Figure 2. Goodness-of-fit plots of final population pharmacokinetics model. (A) Observed drug concentration (DV) versus individual prediction (IPRED); (B) DV versus population prediction (PRED); (C) conditional weighted residual (CWRES) versus PRED; (D) CWRES versus time after dose (TAD). The black line is the line of unity or the zero reference line, and the red line is the result of locally weighted scatterplot smoothing (loess).
Figure 3. Prediction-corrected visual predictive check (pcVPC) plot stratified by study. Black circles are observed yimitasvir concentrations, red solid lines represent the median of predicted concentrations, and grey dashed lines represent the 5th and 95th percentiles of predicted concentrations.

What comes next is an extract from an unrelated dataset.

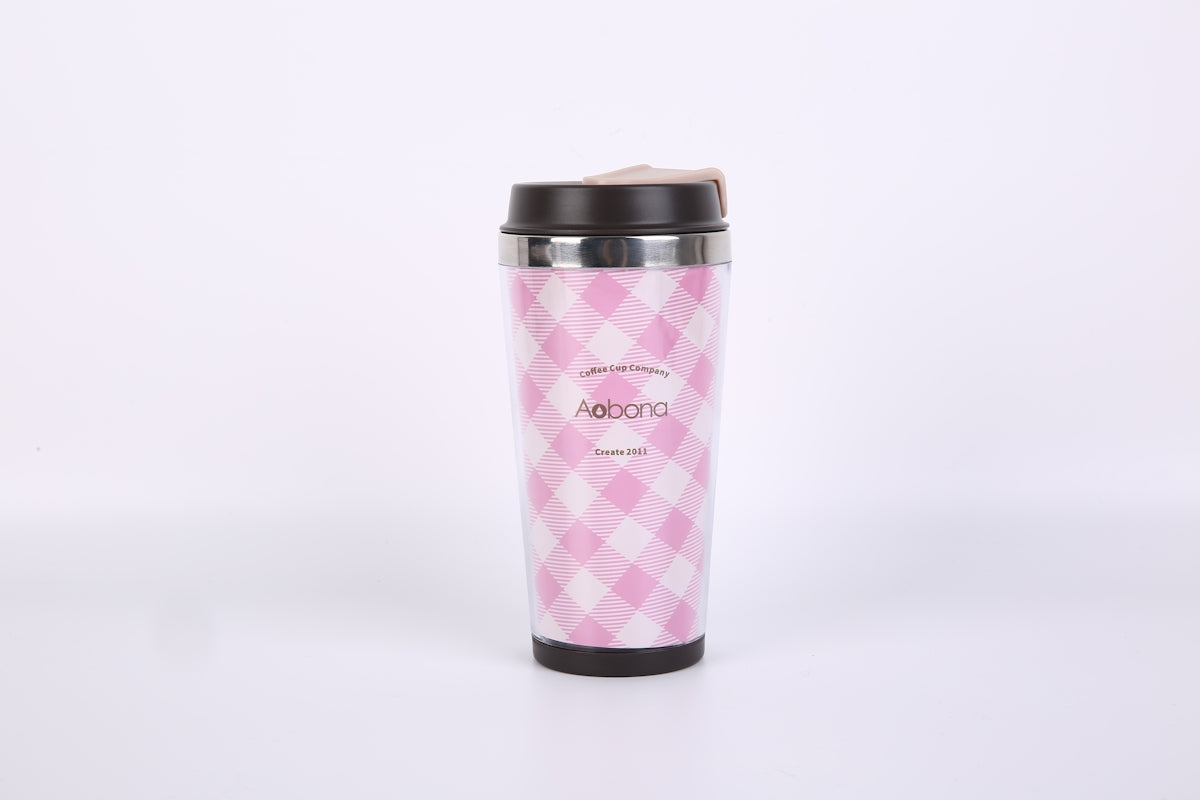 pink and black tumbler on white table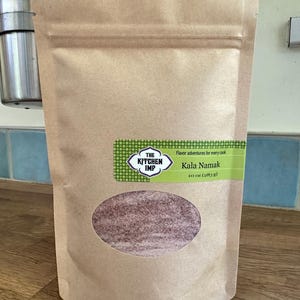 May include: A brown paper bag of Kala Namak salt. The label reads "The Kitchen Imp" and "Flavor adventures for every cook." The bag has a clear oval window showing the pinkish salt. It contains 10 oz (283 g) of salt.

Figure 4. Sensitive plot comparing the effect of covariates on yimitasvir steady state exposure. (A) AUCss; (B) Ctrough,ss; (C) Cmax,ss. A typical subject is a healthy male volunteer with ALT value of 31.6 IU l-1 taking yimitasvir under fasted state more than 10 h. The black bar represents the 5th to 95th percentile of the exposure calculated using empirical Bayes estimates of the population after administration of yimitasvir 100 mg once daily for 12 consecutive weeks. Continuous covariates were evaluated at the 5th to 95th percentile of the population.